# What this task involves:
Return the data below unaltered, but strip out the pictures.

# Material provided:

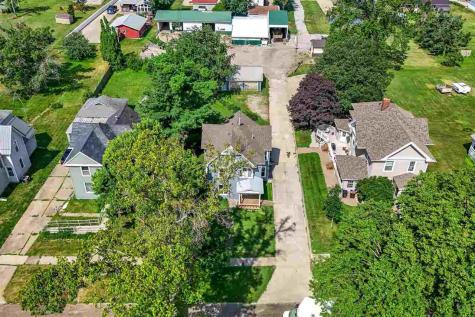 1806 8th Avenue Belle Plaine IA 52208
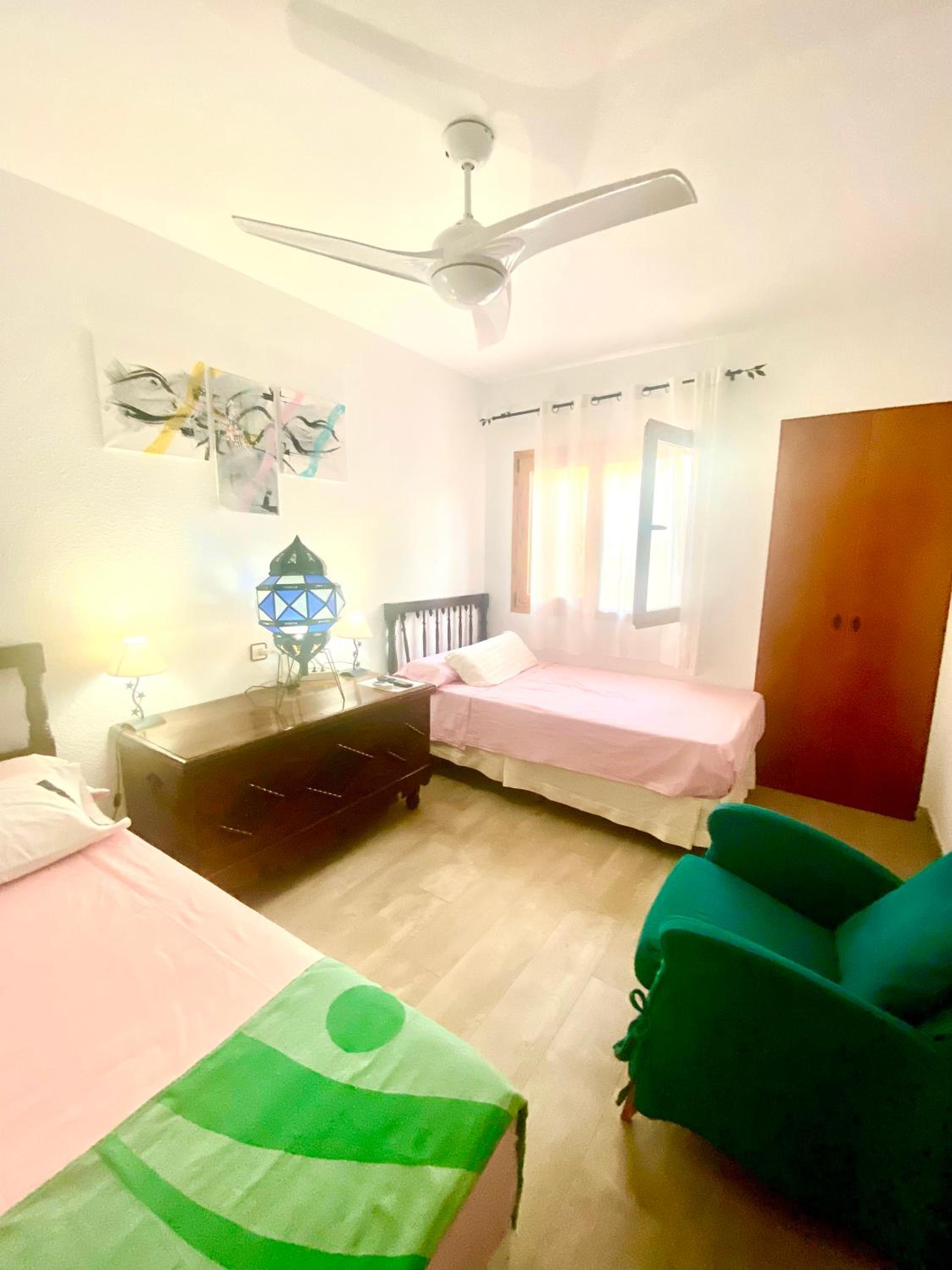 Casa de cuatro habitaciones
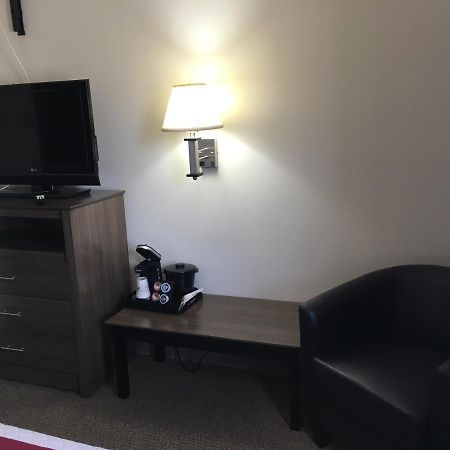 Lakes Area Inn Glenwood エクステリア 写真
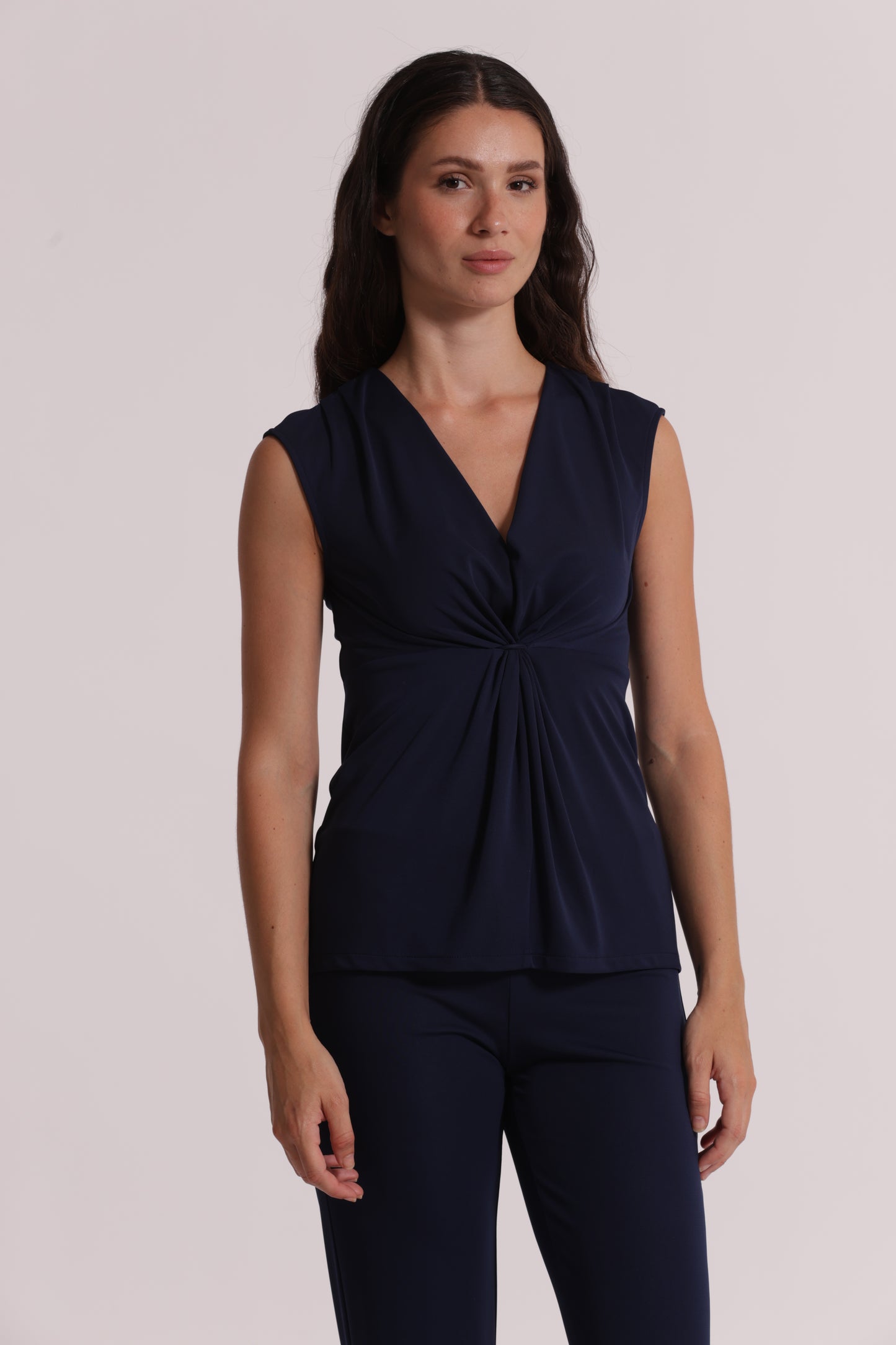 TOP SCOLLO A V CON ARRICCIATURA FRONTALE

# Response below:
 1806 8th Avenue Belle Plaine IA 52208
 Casa de cuatro habitaciones
 Lakes Area Inn Glenwood エクステリア 写真
 TOP SCOLLO A V CON ARRICCIATURA FRONTALE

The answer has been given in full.